### TASK BRIEF
Each line below is to be copied exactly; images do not go into the copy.

### DATA EXCERPT

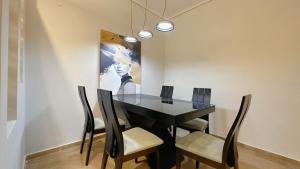 LiI的公寓离海1分钟 Ps5 macPC sony电视 舒适大床记忆床垫 游戏影视休闲公寓 酒店用品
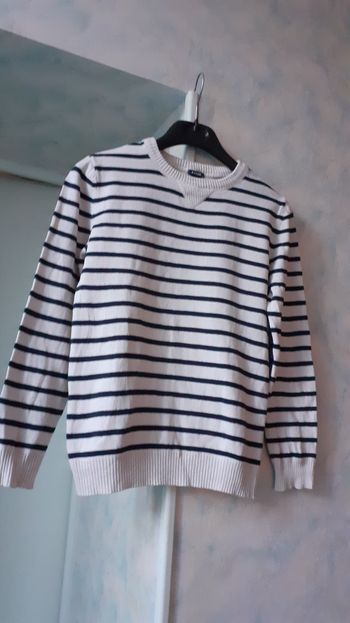 Pull garçon 8 ans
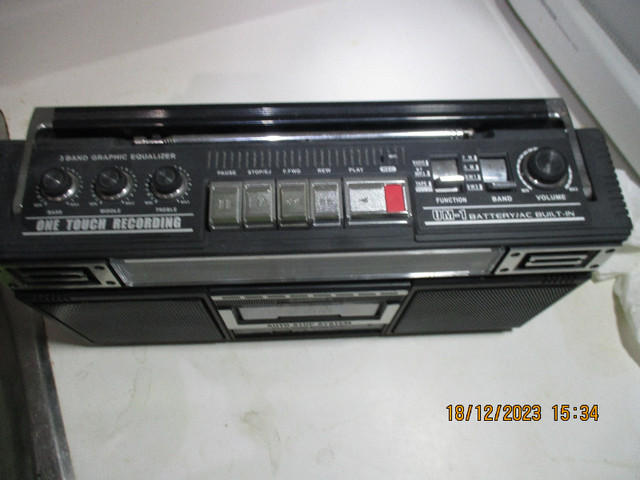Supersonic Retro 4 Band Radio & Cassette Player w/Bluetooth in Stereo Systems & Home Theatre in Kawartha Lakes - Image 2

### TASK RESULT
 LiI的公寓离海1分钟 Ps5 macPC sony电视 舒适大床记忆床垫 游戏影视休闲公寓 酒店用品
 Pull garçon 8 ans
Supersonic Retro 4 Band Radio & Cassette Player w/Bluetooth in Stereo Systems & Home Theatre in Kawartha Lakes - Image 2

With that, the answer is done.